DATASET EXTRACT =
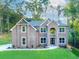 Elegant two-story brick home featuring a well-manicured lawn and beautiful landscaping at 3018 Old Covington Rd, Covington, GA 30014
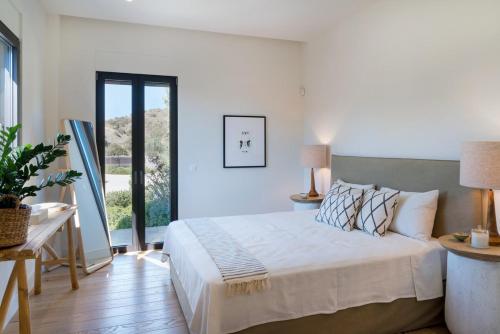 a bedroom with a bed and a large window at Villa Calma a Beachfront Luxury Retreat in Porto Heli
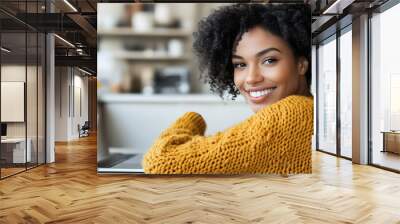 Happy woman working on laptop in cozy home office. Wall mural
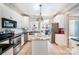Kitchen features white cabinets, granite countertops, stainless steel appliances, and tile floor with a center island at 8384 Blades Trl, Denver, NC 28037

ABOUT THIS EXERCISE =
In the copy you return, include exactly the lines from the one containing "Happy woman working" through the final line of the listing, and no pictures.

EXERCISE ANSWER =
 Happy woman working on laptop in cozy home office. Wall mural
Kitchen features white cabinets, granite countertops, stainless steel appliances, and tile floor with a center island at 8384 Blades Trl, Denver, NC 28037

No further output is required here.